Netflix impose de nombreuses contraintes. L'inventaire se vend uniquement à travers le DSP Xandr. Deux formats seulement sont possibles : instream pre-roll et mid-roll de 15 et 30 secondes. Et surtout le modèle de vente est au coût pour mille impressions (CPM) sans qu'aucun segment de ciblage ne soit proposé. C'est vraiment du tout-venant. Impossible de filtrer par critère sociodémographique, habitude d'écoute, type de programme, etc.. Et ce à un prix vraiment prohibitif de 49 euros pour le spot de 30 secondes et de 39 euros pour le spot de 15 secondes. Il nous fallait déjà être très tolérant face à ces conditions, d'autant que la seule information dataïsée à laquelle nous avons accès relève du capping (une exposition par heure et quatre dans la journée). Face à ces contraintes, et surtout à ces tarifs, il est important que la situation évolue rapidement.

"C'est vraiment du tout-venant. Impossible de filtrer (...). Et ce à un prix vraiment prohibitif"

Est-ce décevant ?

Dans toute offre ou levier émergeant, il est normal qu'au démarrage on achète un peu à l'aveugle. Il faut aussi considérer qu'il s'agit d'une innovation et que cela peut exiger des étapes et une construction progressive dans le temps. Dans ce type de projet, il y a toujours un écart entre ce qui est annoncé et la réalité opérationnelle. Si nous sommes déçus, c'est surtout parce que cela n'avance pas suffisamment vite : ils mettent longtemps à réussir à livrer nos impressions. En revanche concernant l'absence de la data, ce n'est pas une surprise, on le savait dès le départ. La déception sera réelle si en 2023 les choses n'évoluent pas aussi vite que nous l'espérons : il nous faut de la data pour le ciblage et des données précises d'audience.
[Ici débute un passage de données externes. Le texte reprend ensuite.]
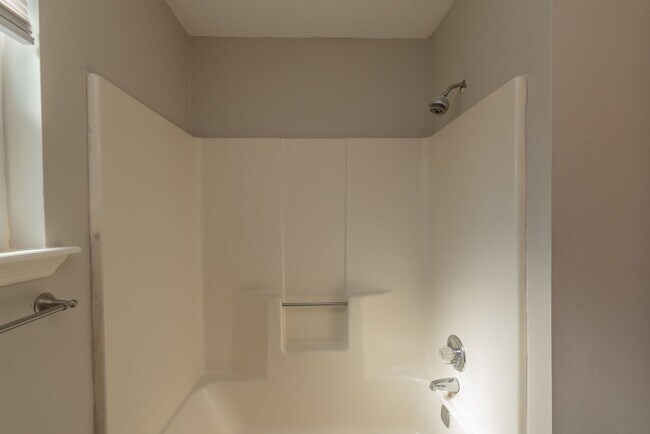 Building Photo - 2937 Dahlia Dr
Qu'attendez-vous de Netflix maintenant ?

Nous attendons des données d'audience certifiées par un tiers de confiance, en l'occurrence Médiamétrie. Nous attendons également de la part de Netflix des données qualitatives et quantitatives sur leur offre et sur les possibilités à venir. Il faut également qu'ils révisent leurs tarifs pour se rendre plus réalistes à la fois à l'égard de ce qui se pratique sur le marché français et de leur potentiel. En deux mots, il faut que l'offre soit à la hauteur de l'ambition qu'ils ont annoncée au départ et le plus vite possible. Nous étions très moteurs et excités face à cette opportunité de toucher chez Netflix des contacts supplémentaires. Malgré les conditions et les prix imposés par Netflix, une dizaine de nos annonceurs des secteurs bancaire, automobile, parfum, accessoires sportifs et du retail sont venus spontanément. Nous sommes sûrs que Netflix et Xandr, étant des challengeurs dans le digital, sont conscients de nos besoins et feront évoluer la situation. La seule question pour nous est : quand ? Une attente d'autant plus pressante que leur tarif est très élevé.
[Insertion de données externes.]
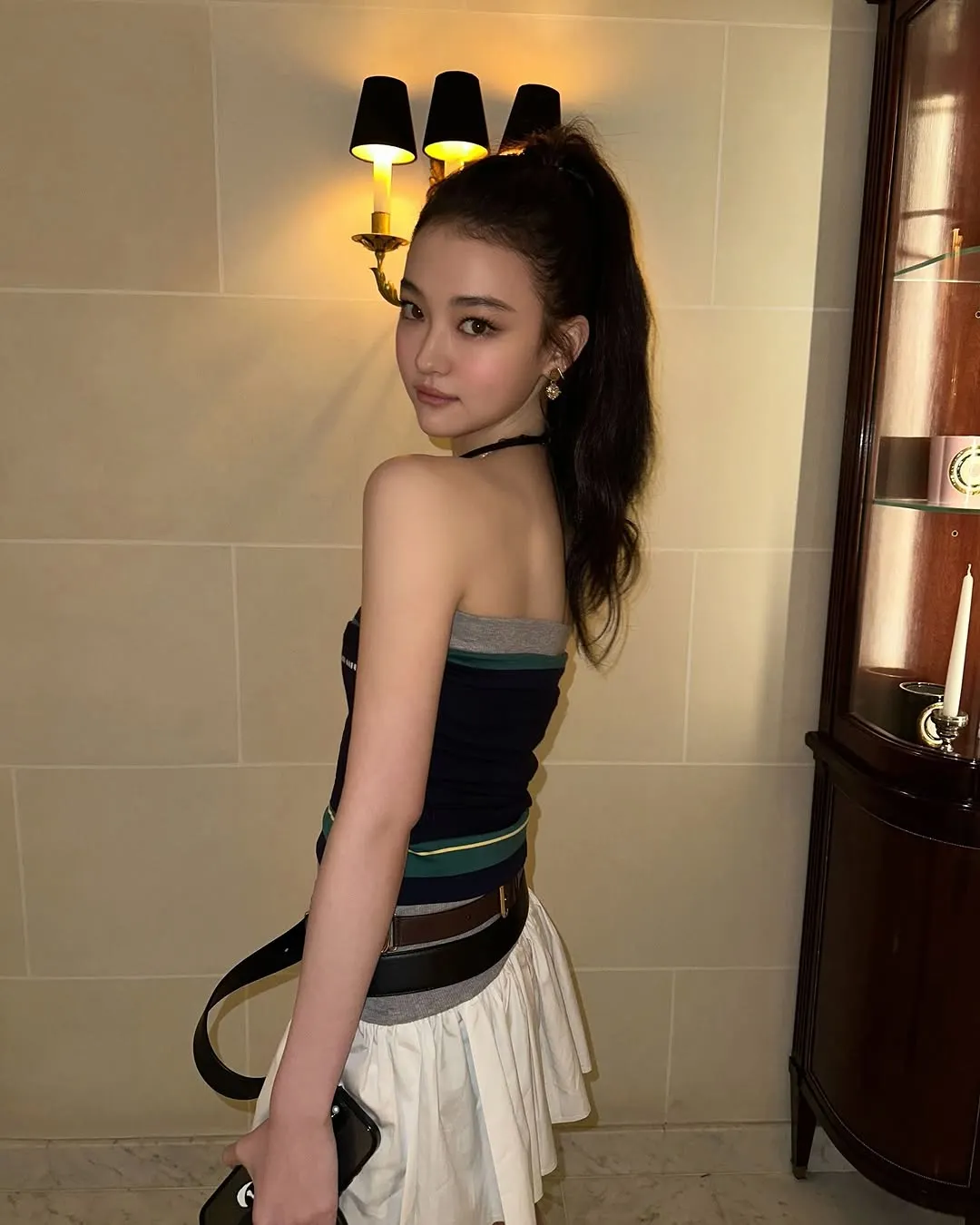 Meovv tại Paris Fashion Week sao hàn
"Une dizaine de nos annonceurs des secteurs bancaire, automobile, parfum, accessoires sportifs et du retail sont venus spontanément"

Que conseillez-vous à vos annonceurs ?

Nous savons que la télévision perd en durée d'écoute et surtout auprès des plus jeunes et qu'il y a moyen de récupérer ces contacts perdus en télévision linéaire à travers différentes plateformes vidéo, dont Netflix. Nous devons par conséquent y aller mais pas à n'importe quel prix et conditions.

Comptez-vous activer de nouvelles campagnes sur Netflix à partir de janvier ?

Nos annonceurs qui n'ont pas pu tester Netflix cette année veulent le faire en 2023. En revanche, ceux qui l'ont déjà testé seront sans doute plus exigeants avant d'y revenir. Il y aura une période d'inertie où de nouveaux annonceurs voudront tester. Mais sur le long terme, les annonceurs français ne pourront pas raisonnablement continuer d'accepter de payer aussi cher le prix du contact qui plus est sans aucune data.